Short web captions
┄┄┄┄┄┄┄┄┄┄┄┄┄┄┄┄┄┄┄┄
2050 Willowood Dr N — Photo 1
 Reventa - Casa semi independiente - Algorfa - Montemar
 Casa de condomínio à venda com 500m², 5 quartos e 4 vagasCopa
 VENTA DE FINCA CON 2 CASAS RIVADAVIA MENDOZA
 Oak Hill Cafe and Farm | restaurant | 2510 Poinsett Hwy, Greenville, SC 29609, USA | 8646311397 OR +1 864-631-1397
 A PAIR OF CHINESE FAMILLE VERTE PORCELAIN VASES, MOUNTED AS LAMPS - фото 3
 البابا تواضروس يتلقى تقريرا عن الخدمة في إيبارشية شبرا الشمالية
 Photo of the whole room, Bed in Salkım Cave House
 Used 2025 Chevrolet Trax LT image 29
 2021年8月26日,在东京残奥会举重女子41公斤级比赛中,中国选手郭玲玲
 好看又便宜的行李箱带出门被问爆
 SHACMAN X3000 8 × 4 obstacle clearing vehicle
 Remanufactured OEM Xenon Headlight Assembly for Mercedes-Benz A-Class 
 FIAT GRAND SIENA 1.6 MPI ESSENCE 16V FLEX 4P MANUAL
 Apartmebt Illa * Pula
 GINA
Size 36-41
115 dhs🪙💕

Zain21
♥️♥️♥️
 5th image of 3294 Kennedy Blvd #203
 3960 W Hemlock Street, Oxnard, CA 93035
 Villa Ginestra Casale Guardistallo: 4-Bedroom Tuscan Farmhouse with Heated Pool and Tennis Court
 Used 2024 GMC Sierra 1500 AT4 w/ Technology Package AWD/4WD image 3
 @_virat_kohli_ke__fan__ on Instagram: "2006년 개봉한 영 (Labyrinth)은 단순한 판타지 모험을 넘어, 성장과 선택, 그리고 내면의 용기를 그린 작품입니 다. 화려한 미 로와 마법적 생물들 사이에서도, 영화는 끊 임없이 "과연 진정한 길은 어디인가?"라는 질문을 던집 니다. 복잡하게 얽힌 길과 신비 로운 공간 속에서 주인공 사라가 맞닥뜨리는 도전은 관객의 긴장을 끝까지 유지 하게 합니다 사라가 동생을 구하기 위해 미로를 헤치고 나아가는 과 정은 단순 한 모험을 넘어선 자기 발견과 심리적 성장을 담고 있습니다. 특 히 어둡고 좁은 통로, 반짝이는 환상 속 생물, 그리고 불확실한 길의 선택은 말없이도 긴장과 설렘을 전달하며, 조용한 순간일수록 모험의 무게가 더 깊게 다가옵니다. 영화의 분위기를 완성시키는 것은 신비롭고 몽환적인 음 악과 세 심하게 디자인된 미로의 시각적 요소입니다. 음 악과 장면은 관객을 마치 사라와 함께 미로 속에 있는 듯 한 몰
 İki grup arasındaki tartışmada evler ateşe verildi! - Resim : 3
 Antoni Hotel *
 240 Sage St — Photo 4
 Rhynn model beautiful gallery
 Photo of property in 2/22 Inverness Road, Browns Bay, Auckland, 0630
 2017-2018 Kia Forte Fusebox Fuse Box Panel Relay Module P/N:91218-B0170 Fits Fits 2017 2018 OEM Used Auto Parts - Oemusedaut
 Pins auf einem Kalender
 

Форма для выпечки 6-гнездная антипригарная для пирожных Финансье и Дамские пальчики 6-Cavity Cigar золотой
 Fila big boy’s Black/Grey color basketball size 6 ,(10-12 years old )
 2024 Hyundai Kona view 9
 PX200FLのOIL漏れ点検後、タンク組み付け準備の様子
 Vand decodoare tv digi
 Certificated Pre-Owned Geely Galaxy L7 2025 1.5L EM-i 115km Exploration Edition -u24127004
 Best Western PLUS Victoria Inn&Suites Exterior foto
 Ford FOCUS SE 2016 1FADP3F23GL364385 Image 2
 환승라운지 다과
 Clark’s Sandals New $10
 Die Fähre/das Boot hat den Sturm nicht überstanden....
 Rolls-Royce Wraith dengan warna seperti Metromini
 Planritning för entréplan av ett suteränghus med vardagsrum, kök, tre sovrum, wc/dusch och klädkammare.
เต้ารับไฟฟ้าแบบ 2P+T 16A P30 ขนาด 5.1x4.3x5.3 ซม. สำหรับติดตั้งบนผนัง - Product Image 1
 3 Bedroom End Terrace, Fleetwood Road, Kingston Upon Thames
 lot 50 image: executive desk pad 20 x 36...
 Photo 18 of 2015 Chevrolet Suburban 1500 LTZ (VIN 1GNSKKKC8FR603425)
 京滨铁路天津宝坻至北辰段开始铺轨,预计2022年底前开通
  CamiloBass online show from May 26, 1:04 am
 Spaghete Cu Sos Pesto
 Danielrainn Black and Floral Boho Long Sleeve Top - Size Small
┄┄┄┄┄┄┄┄┄┄┄┄┄┄┄┄┄┄┄┄
State the number of lines above that include "Used", and nothing further.

3